Incitation à la haine raciale : que risque vraiment Marine Le Pen ?
Le Monde | 02.07.2013 à 18h00 • Mis à jour le 02.07.2013 à 18h44 | Par Lucie Soullier
La justice française souhaite en effet l'entendre dans le cadre d'une enquête préliminaire ouverte par le parquet de Lyon pour "incitation à la haine raciale", après une plainte déposée par le Mouvement contre le racisme et pour l'amitié entre les peuples (MRAP). L'association dénonce des déclarations tenues par Mme Le Pen le 10 décembre 2010 à Lyon.
Devant des adhérents du Front national, celle qui était alors candidate à la présidence du FN avait alors comparé les prières de rue des musulmans à l'occupation allemande durant la deuxième guerre mondiale.
"Je suis désolée, mais pour ceux qui aiment beaucoup parler de la seconde guerre mondiale, s'il s'agit de parler d'occupation, on pourrait en parler, pour le coup. C'est une occupation de pans de territoire. Certes, il n'y a pas de blindés, il n'y a pas de soldats, mais elle pèse sur les habitants."

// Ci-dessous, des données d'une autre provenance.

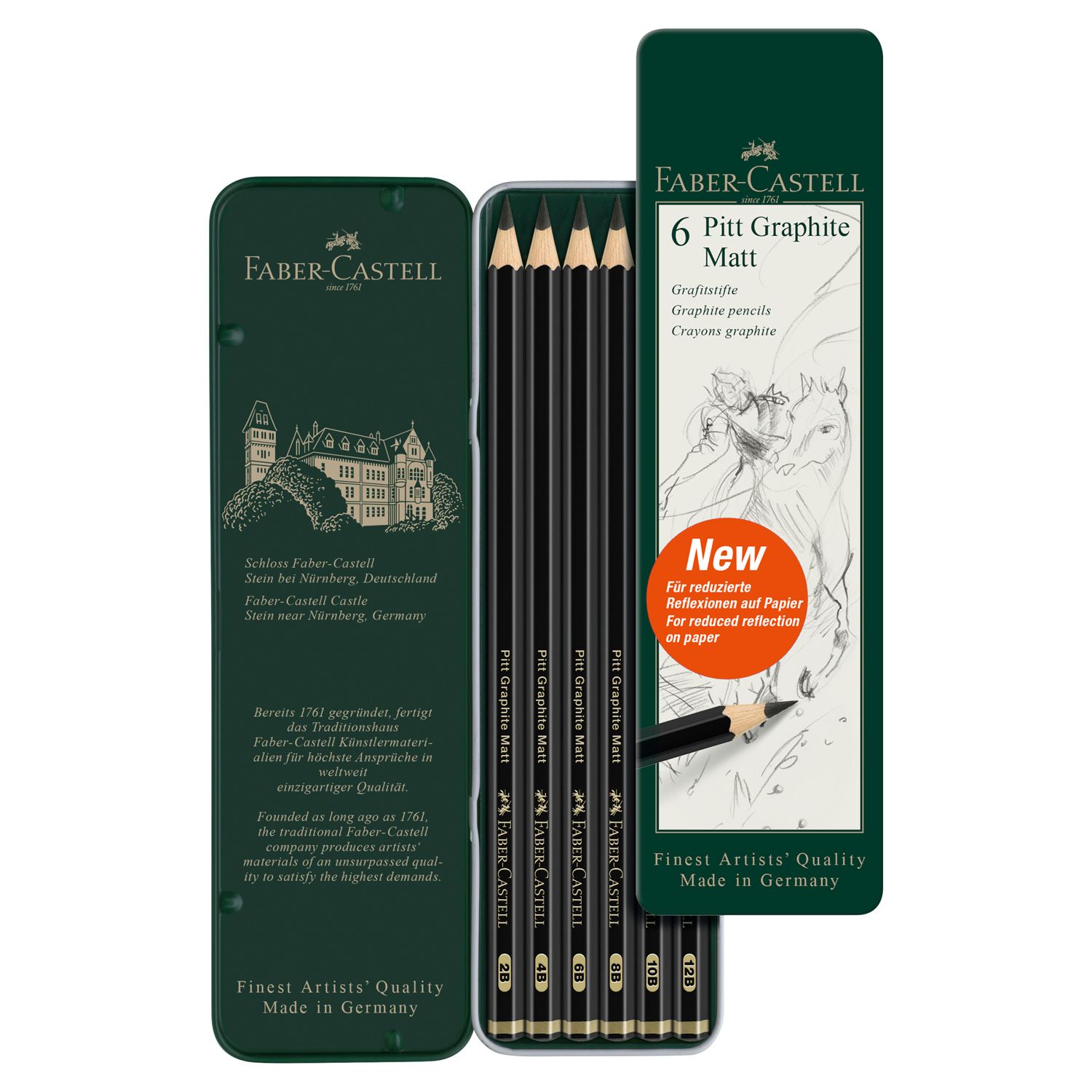 Lapiz Faber Castell Pitt Graphite Matt, juego de 6 piezas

Le 18 juin de la même année, elle avait déjà évoqué les mêmes prières en affirmant que "très clairement, comme en 1940, certains croient se comporter dans la France de 2010 comme une armée d'occupation dans un pays conquis".
UNE TRIBUNE POLITIQUE AU TRIBUNAL
Les propos de Marine Le Pen lui vaudront-ils pour autant une condamnation ? "Juridiquement, le terme 'occupation' n'est pas forcément inapproprié", souligne en effet l'avocat pénaliste Grégory Kagan, qui estime que cela pourrait constituer une ligne de défense pour les avocats de Mme Le Pen. En droit administratif, une manifestation non autorisée par la préfecture est en effet désignée comme "une occupation illicite du domaine public".
"Il peut donc y avoir débat devant le tribunal, qui deviendrait alors une tribune politique" pour Mme le Pen, souligne Me Kagan. Pourrait s'ensuivre un procès en appel, voire devant la Cour européenne des droits de l'homme (CEDH). La présidente du FN pourrait en effet invoquer devant cette dernière des "atteintes à sa liberté de parole". Avant même la levée de son immunité, elle avait déjà affirmé lundi sur LCI que l'on voulait l'incriminer pour un "délit d'opinion".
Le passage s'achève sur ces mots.